[WHAT THIS TASK INVOLVES] Take the material below and extract the lines from the one with "S相当【 ANAP /" through the one with "Achort Rueda de", word for word, without pictures.

═══ SUPPLIED RECORDS ═══

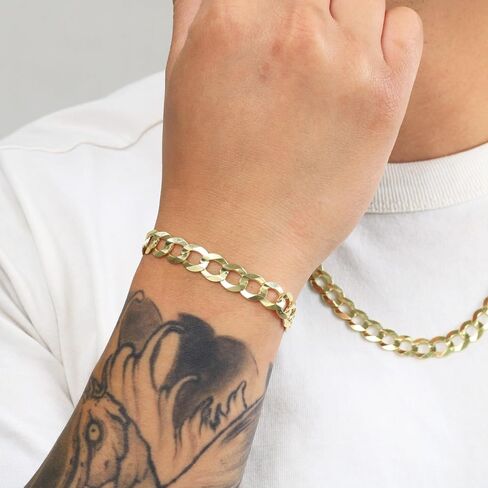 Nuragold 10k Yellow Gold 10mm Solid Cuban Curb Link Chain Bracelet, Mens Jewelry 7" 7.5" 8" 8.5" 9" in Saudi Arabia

═══
═══ SUPPLIED RECORDS ═══

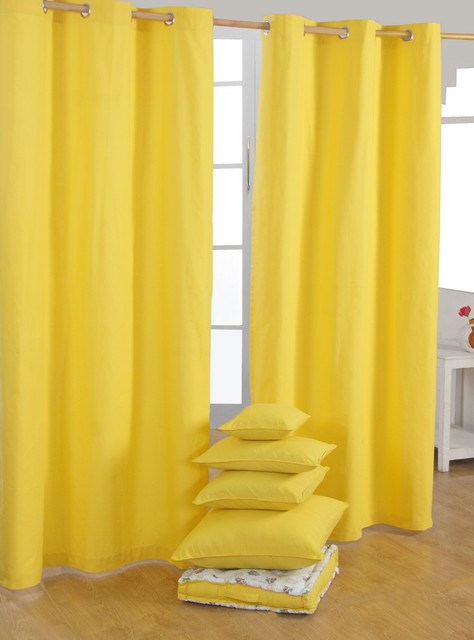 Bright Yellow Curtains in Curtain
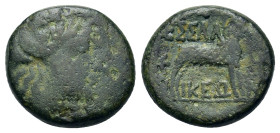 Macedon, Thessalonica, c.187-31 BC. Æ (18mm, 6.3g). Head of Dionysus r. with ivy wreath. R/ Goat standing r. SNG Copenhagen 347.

═══
═══ SUPPLIED RECORDS ═══

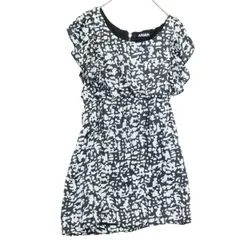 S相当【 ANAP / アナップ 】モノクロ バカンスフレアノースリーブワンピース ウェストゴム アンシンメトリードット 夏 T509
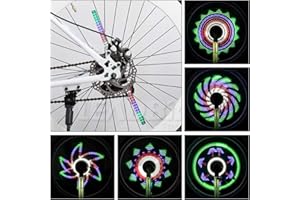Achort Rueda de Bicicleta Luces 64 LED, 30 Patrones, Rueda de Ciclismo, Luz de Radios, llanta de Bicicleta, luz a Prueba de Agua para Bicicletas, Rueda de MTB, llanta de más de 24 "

═══

[WRITTEN SOLUTION]
 S相当【 ANAP / アナップ 】モノクロ バカンスフレアノースリーブワンピース ウェストゴム アンシンメトリードット 夏 T509
Achort Rueda de Bicicleta Luces 64 LED, 30 Patrones, Rueda de Ciclismo, Luz de Radios, llanta de Bicicleta, luz a Prueba de Agua para Bicicletas, Rueda de MTB, llanta de más de 24 "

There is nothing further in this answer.